Scenario- I have a property that has 3 deed holders. The 1st (BofA) is not willing to pay anything to the 3rd (Kaiser). The 3rd is asking for 15% of the balance.  The seller can not contribute and the buyer can only put in a limited amount based on what the 2nd (Greentree) is willing to settle for and not much more. The 3rd was taken out 14 days later from the 1st and 2nd for the exact same amount as the 2nd. All are purchase money loans.

 

Question

1.) What is typical payout to 3rd if the 2nd is getting 10%, should they not get less? Still learning so please be gentle with the responses. I have seen some blogs that were a little intimidating.

 

 2.) Hypothetically speaking...if the house went to FCL would my client be protected under the Debt Forgiveness Act for all 3 deeds?

 

Thanks in advance!

Views: 96

Replies to This Discussion

You are confusing deficiency with tax relief and they are completely separate.
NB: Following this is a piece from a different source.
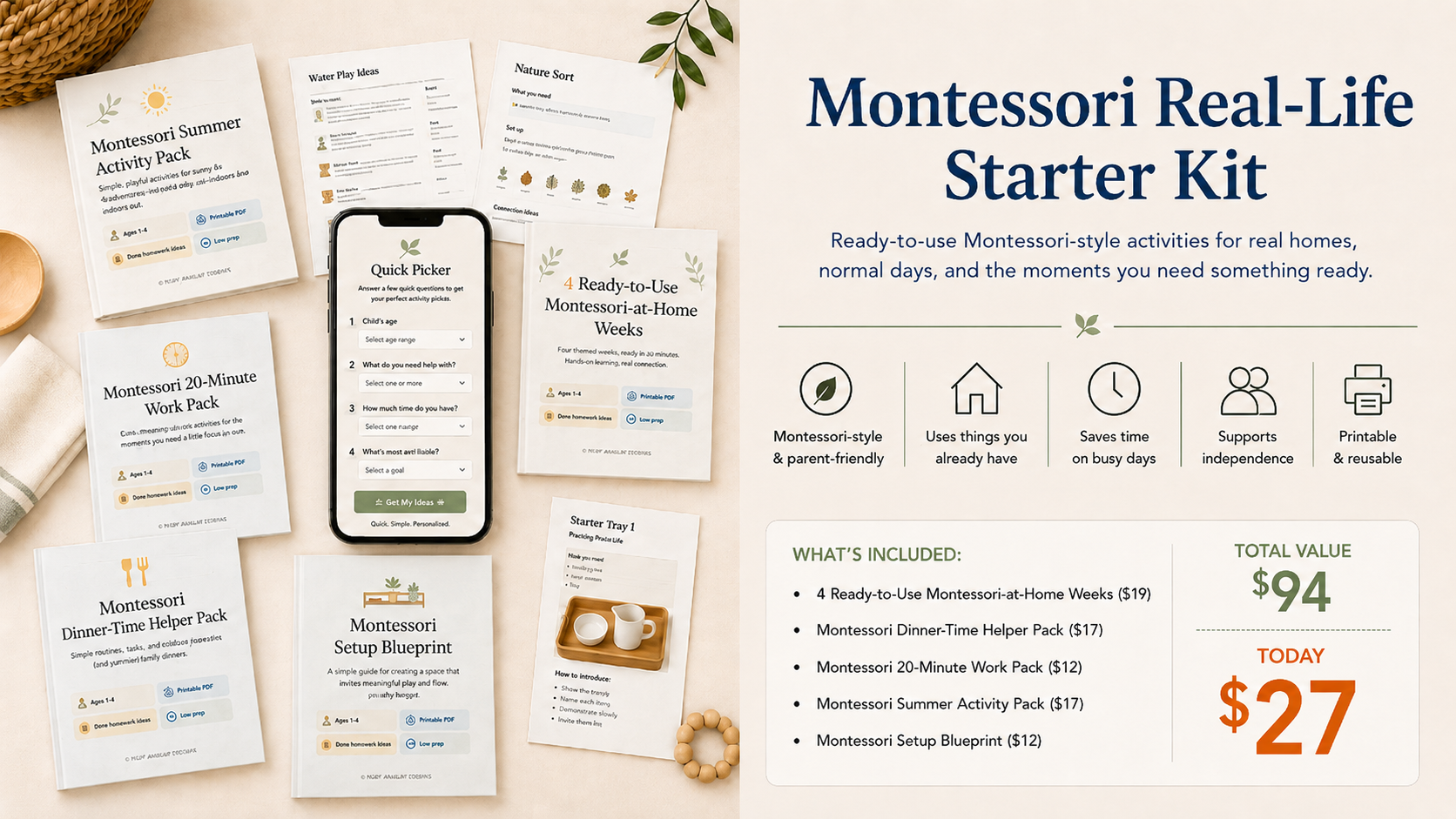 Montessori Real-Life Starter Kit (Ages 1-8, Instant Digital Download)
Most lien holders other than the first get 10% of the balance, although Greentree is a nightmare.  they usually want more than 10%, but any lien holder can demand anything they want...doesn't mean they'll get it.
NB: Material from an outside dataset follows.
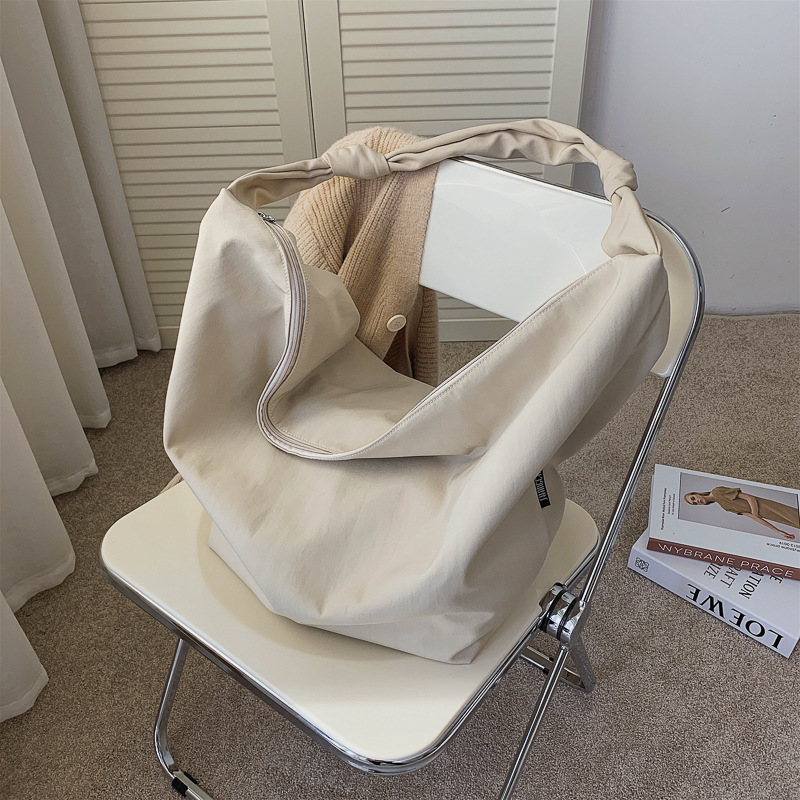 Frauen Schulter Tasche Nylon Handtasche Mädchen Käufer Umhängetasche Lässig Einfarbig Einfache Stil Große Kapazität Landstreicher Tasche: baise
If it goes to FC there is no "forgiveness" nothing was forgiven. The lender can chose to forgive the remaining balance later, but usually they try to collect in court if it goes to FC or they sell the debt to a collections agency. 

The MDFA (Mortgage Debt Forgiveness Act) usually applies to only first homes primary residences and usually the first loan.  Although I think purchase money counts.  The homeowner would normally have to pa taxes on the "forgiven" portion of the note, but up until the end of this year they won't if it falls under the primary residence provision.

Thank you for your response.

I always check from which state the poster is posing a question. Uiliani is in CA, the same as me.

I believe Smitty practices back East. While her opinion may be correct in her state, I would say there remains confusion as to what happens here in CA.

If there is a Trustee Sale, the 1st mortage holder is finished. They don't get to sell the debt to collections.

If the 2nd was truly purchase money, they quite likely are also finished.

But if it was a HELOC, they probably still have recourse.

I have never yet seen a 3rd mortgage that was taken out 14 days after the 1st & 2nd were recorded that would qualify as Purchase Money. It is quite likely the 3rd may still hold recourse.

I think this link from NAR will give a more definitive answer to the questions posed:

http://www.realtor.org/government_affairs/mortgage_debt_cancellation

Thank you! Yes CA is a tricky state...Yes that 3rd mortgage is really bazarre to me because its not out far enough for HELOC but seems a little to late for a purchase money loan.

Harry, In California, I understand if it goes to FC they can't pursue..Is that correct?  BUT if they write it off after with 1099 forgiven, aren't taxes still a potential?

Uilani, I'm not an expert in California short sales by any means.  Harry knows what he is talking about.  California dances to their own beat. 

There are many more qualified people here from the CA area that can help, but from the little I know from CA Harry is dead on.

Per C.A.R.:

The general rules governing deficiencies (in California) are as follows:

  1. “One Action Rule”:  “There can be but one form of action for recovery of any debt or the enforcement of any right secured by a mortgage upon real property.”  (California Code Civil of Procedure (“CCP”) § 726(a)).
  2. No deficiency judgment is allowed by the foreclosing lender following a non-judicial foreclosure (i.e., trustee's sale), regardless of the type of property foreclosed. (CCP § 580d).
  3. No deficiency judgment is allowed when the type of loan is either (a) purchase money for an owner-occupied residential one-to-four unit dwelling (“owner-occupied purchase money”) or (b) seller financing (“seller carry-back”). (CCP § 580b).
  4. No deficiency shall be owed nor a deficiency judgment rendered following a short sale on a residential one-to-four unit property. (CCP § 580e(a)).
  5. A lender may not require the borrower as a condition to agreeing to a short sale to pay money other than from the proceeds of sale. (CCP § 580e(b)).